I never got why Doctor Who was so popular until I started watching it myself. And don’t judge, but I only started watching from season 5, when Matt Smith became the Doctor (it was also the first season they had on Netflix, so…) I’m sure Doctor Who fanatics will think that’s sacrilege. Which is understandable. I would think so too if I had been there from the very beginning of the show. However, as is usual for me, I didn’t want to watch the show and my brother, aka Binge-buddy, convinced me to try out an episode and I was swept straight into the TARDIS with the beloved Doctor, Amy, and Rory. For those of you who don’t know, the TARDIS is a space and time travelling blue box. Yeah, I know, pretty whacky.

It happens a lot with me and my brother. He finds a movie or series that he thinks is cool and I think is not. I don’t want to watch, I end up watching it and loving it sometimes a little more than my brother. I can’t tell you how many times that has happened to me.
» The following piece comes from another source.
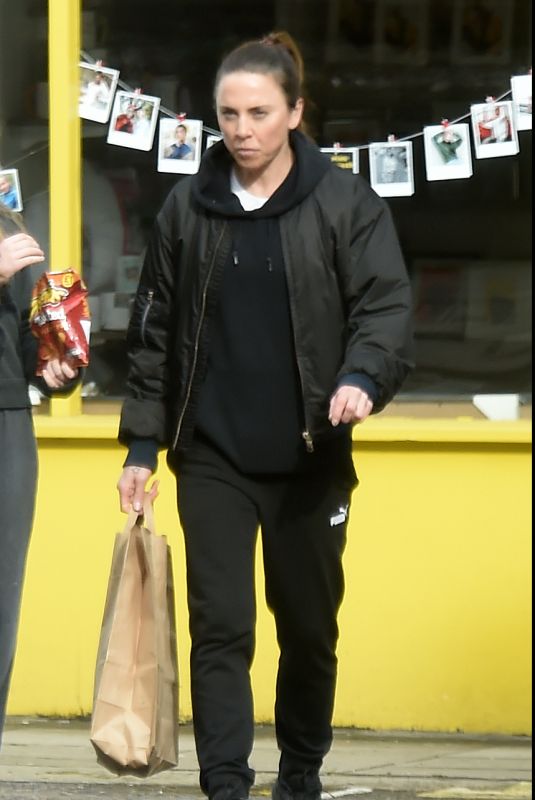 MELANIE CHISHOLM Out Shopping in Hampstead 04/29/2020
I could name a couple like Rise of the Guardians, Maze Runner, obviously Doctor Who, CommunityMadmax (with Tom Hardy and Charlize Theron), Vikings, etc. etc. etc. I can go on, but I won’t. I guess I have a habit of judging a DVD by its cover.

I can’t describe to you why I like the show. It’s undeniably cheesy and full of good and bad dialogue. Some actors rise to the occasion (Matt Smith is brilliant), and some actors, not so much. The CGI animation is both cool and weird. And the aliens and monsters are bizarre and uncanny. And at times, the plot is cringe-worthy. BUT.

I love it!

It’s mind-bogglingly brilliant and the plot has spun me and my brother upside down and right way up again. I think we gasped and gawked right through season 6, saying things like, “Oh my god. Oh my god. Oh my god. Oh my god.” Or, ” What the_?” “How the hell?” “What?” Yeah, we went a little nuts. I think the best way to describe it to you is how my brother did. And I quote,

“Its like watching people playing dressup.”

So, yeah. 11 is a good number for me. I’m thoroughly enjoying the bizarre adventures of the 11th Doctor. I’ve come to realise bow ties are cool, and glasses and fezzes. Although, still not getting the whole fez thing. But Doctor Who is definitely Cool.